Like Rowling, I speak from experience. From my mid-20s to mid-40s, I worshiped at my own personally constructed Alter of Self. And because I didn’t walk with a higher power then, my Altar lacked gratitude or abundance or safety. It was all about me, my preservation, my reward.

Once I came to yoga, I slowly started to dismantle my Altar to Self. I became quiet enough to listen to my own soul’s voice, and I connected to a higher power, God, who is my beacon of Divine Light and led me to my higher purpose. To my Karma.

Karma is paying it forward. To share, to give, to be compassionate and generous. One of the mantras of AA that I learned from my husband, Doug, is that you have to give it away to keep it. Very yogic. For Doug, it meant being a sponsor to others, a guide to those newly recovering from addiction. Sponsors are sort of AA gurus; they guide others traveling the same road, offering support and encouragement and the gift of friendship.
I love that Doug has AA as his Karmic path. And although I have a supportive role in AA, it’s really Doug’s thing. Yoga, once I came to the mat, is my thing. My Karma. My way to help others rise by lifting them up.

In the first three years of Soul Stretch’s existence, we’ve had a dozen or more fundraisers that raised thousands of dollars for organizations as diverse as Suicide Awareness, Hunger, mammograms for women…and so many more. I love that Soul Stretch teachers and students have such an amazing platform for helping others.
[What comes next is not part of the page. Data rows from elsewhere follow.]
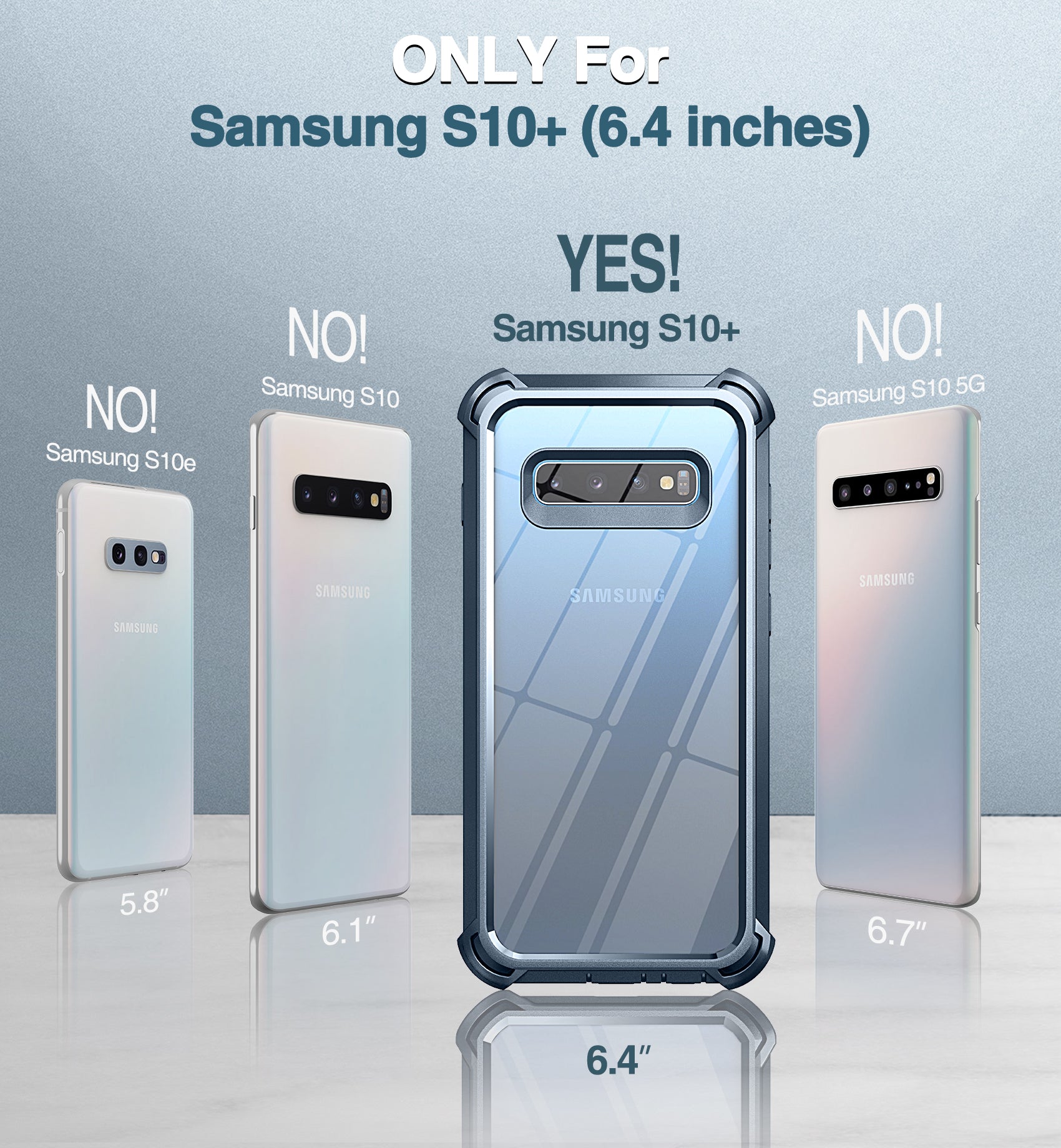 Dexnor Case for Samsung Galaxy S10 Plus with Screen Protector Clear Rugged Full Body Protective Shockproof Hard Back Defender Dual Layer Heavy Duty Bumper Cover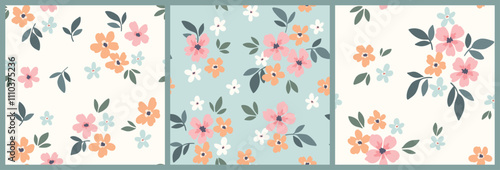 Seamless floral pattern, cute ditsy print in liberty style. Pretty botanical design collection in pastel colors: small hand drawn daisy flowers, tiny leaves, simple bouquets. Vector illustration.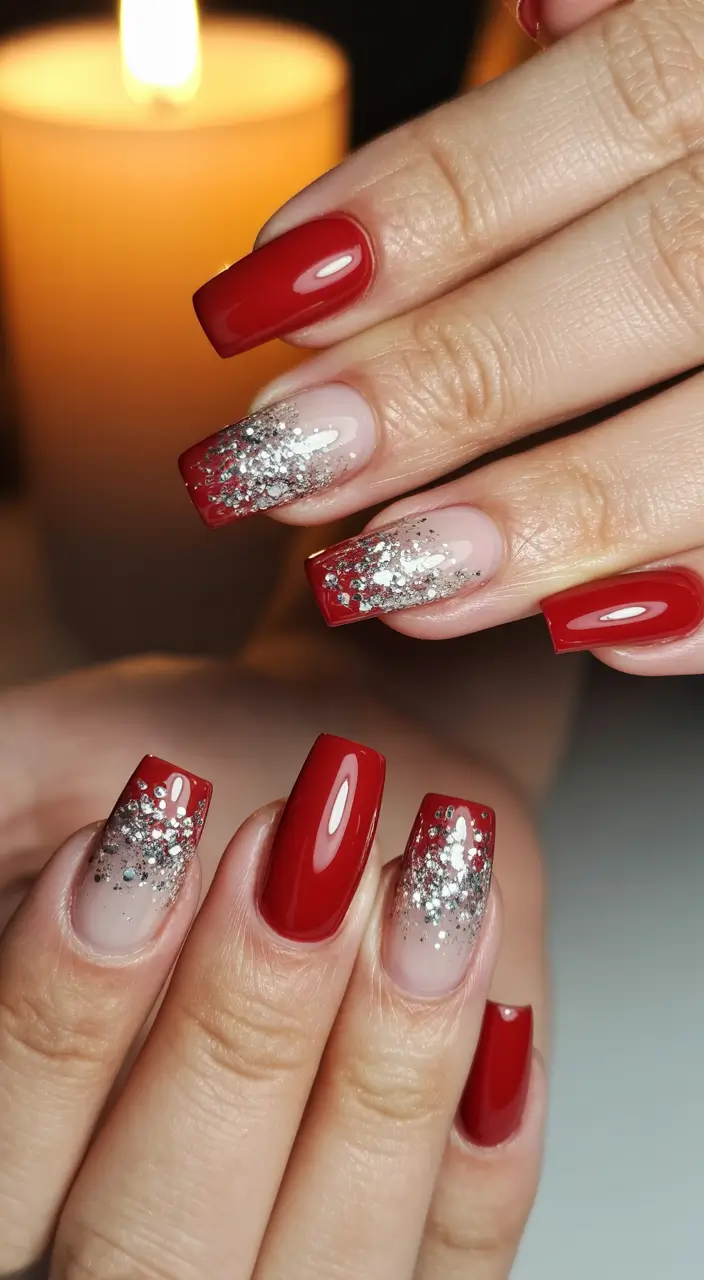 Trendy Red Nails Winter 2025–2026 Red Glitter Gradient for Winter Evenings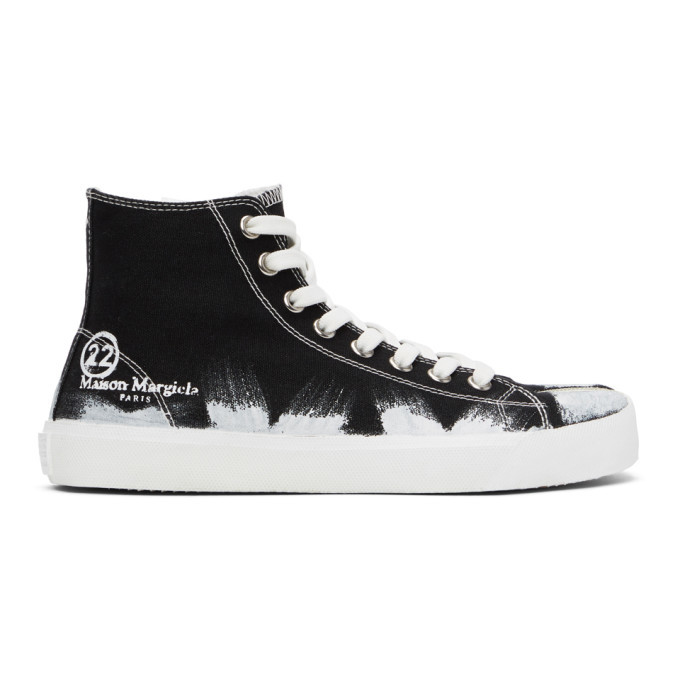 Photo: Maison Margiela Black and White Vandal Tabi High-Top Sneakers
For me, giving back now comes as naturally as breath. It’s my passion as well as my practice. But I’ve talked to many people who feel if they can’t impact a multitude of people or if thousands of Facebook friends don’t “like” their charity cause, then it’s just not worth doing! Oh my, yogis, that just isn’t so! All of us – the J.K. Rowlings of the world AND the Rose Sabins of the world — have the same opportunity to make an impact in someone’s life. The key is to take action without attachment to the outcome.

Mother Teresa said it best; “Never worry about the numbers. Help one person at a time.” She didn’t care about impacting popular culture or racking up big dollars for a charity. She cared about helping a person, each person, whether it was a homeless man living in a garbage dump or a dozen hungry, orphaned children. She saw the needs of the millions of impoverished, desperate people in Calcutta in the mid-1900s and quickly translated her higher purpose into concrete action.

For me, Mother Teresa is the poster woman for Karma; she originated the principle of Just Do It. She didn’t worry about what people thought of her. She didn’t worry whether she helped one person or 100. She didn’t care if others looked down on her for helping the uneducated or those with leprosy. She just helped. She had no money, but she had a higher purpose, rested in a higher power, and realized that despair and hopelessness are fed by inaction. Just do it.

Yes, lovelies, the world is a fucked up place; those of you who come to my class have heard me say it many times. Yet you can better your corner of the world by shining your light into dark and frightening places and living your Karmic purpose.                  

Start small. Leave a $20 tip when a visibly exhausted woman serves you a $5 breakfast. Tuck a few McDonald’s gift cards in your purse for those begging for food. Find something complimentary to say to the cashier at Marc’s. Leave your quarter in the Aldi grocery cart for the next person. And smile. At everyone. All the time.

The world needs your Divine light. There is no exercise or yoga practice better for the heart than reaching down and lifting people up! Helping others can be a cure, not just for those who are in need, but for your own soul as well.

Don’t overthink this, friends. Just do it; do it with an open heart and no expectations. And perhaps someone you help will help someone else…true Karma.
Rising by lifting others is what true yoga is all about.